Ha pasado un año desde la irrupción de los chalecos amarillos, ese movimiento inédito que nació entre Facebook y la Francia suburbana para protestar contra el impuesto a los carburantes. Sorprendido por la amplitud y la violencia de una cólera que hizo visible a los perdedores de la globalización, el presidente francés, Emmanuel Macron, sacó el talonario, acentuó la represión y organizó un gran debate para sofocar el primer gran estallido social de su mandato cuando sólo llevaba 18 meses en el Elíseo.

Las medidas gubernamentales y el invierno redujeron el número de chalecos amarillos en las calles. El apoyo de la opinión pública se fue debilitando, el cansancio hizo mella... La tormenta ha amainado, aunque los expertos avisan: las causas que provocaron el cataclismo siguen ahí.

«Los motivos de la cólera no se han apagado, pero es difícil mantener un movimiento de contestación en el largo plazo. Pasó con los indignados. No podían quedarse durante años en la Puerta del Sol», analiza el sociólogo del Instituto Marcel Mauss, Albert Ogien, y añade que puede que de ahí sarga un partido político.

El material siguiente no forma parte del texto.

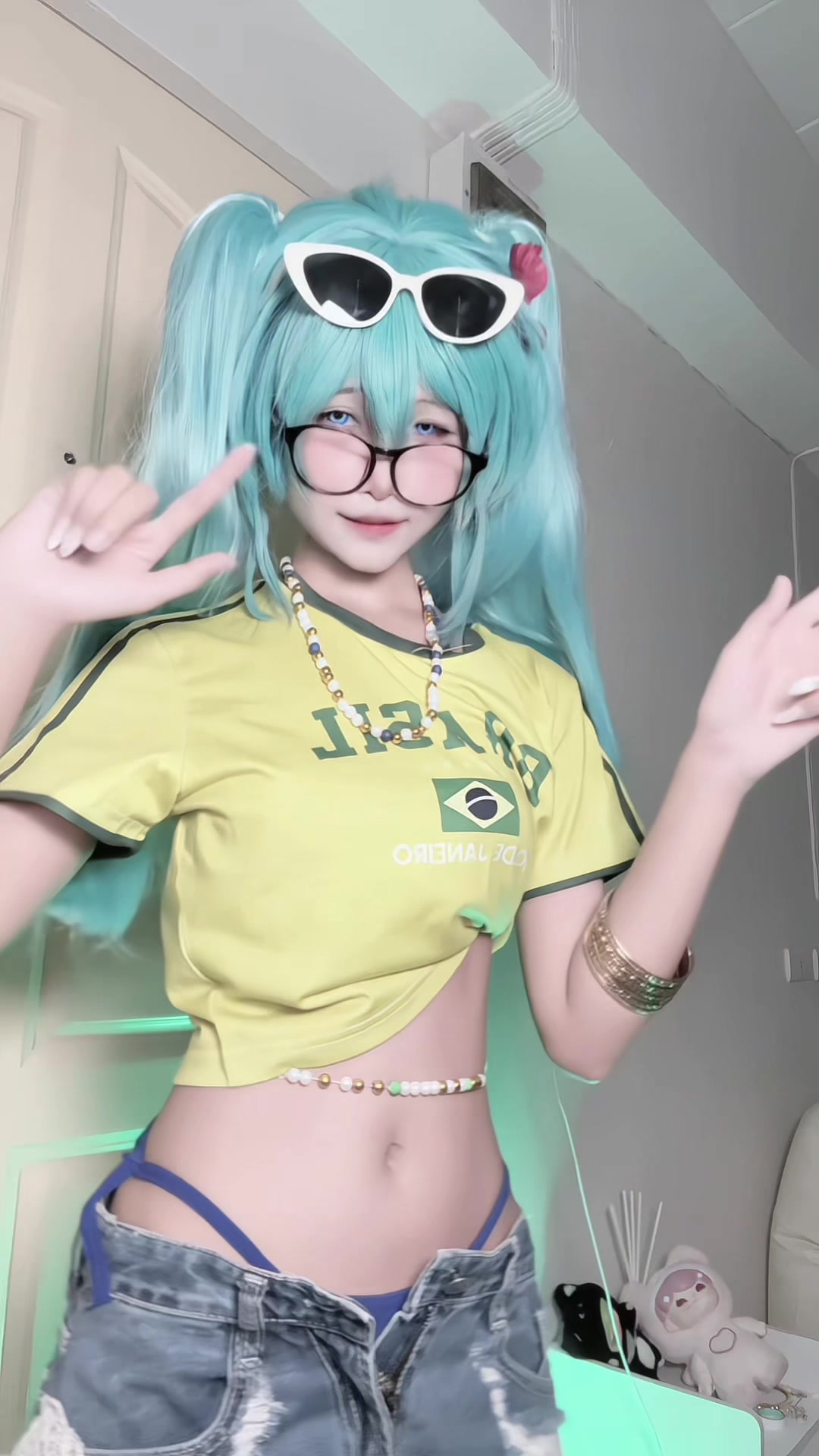 @nemui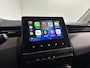 Renault Clio 90PK TCe GPF Evolution | 1e eigenaar | Navi | Parkeersensoren | Apple CarPlay/Android Auto | Licht & Regen Sensor | Digital Cockpit | Airco | Full LED |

Otra pregunta es si la protesta ha servido de algo. Macron aumentó en 100 euros el salario mínimo, bajó los impuestos, volvió a ligar al IPC la subida de las pensiones más bajas, eliminó una tasa a los jubilados más modestos y prometió una prima de fin de año exenta de impuestos. En total 17.000 millones de euros para respirar y seguir adelante.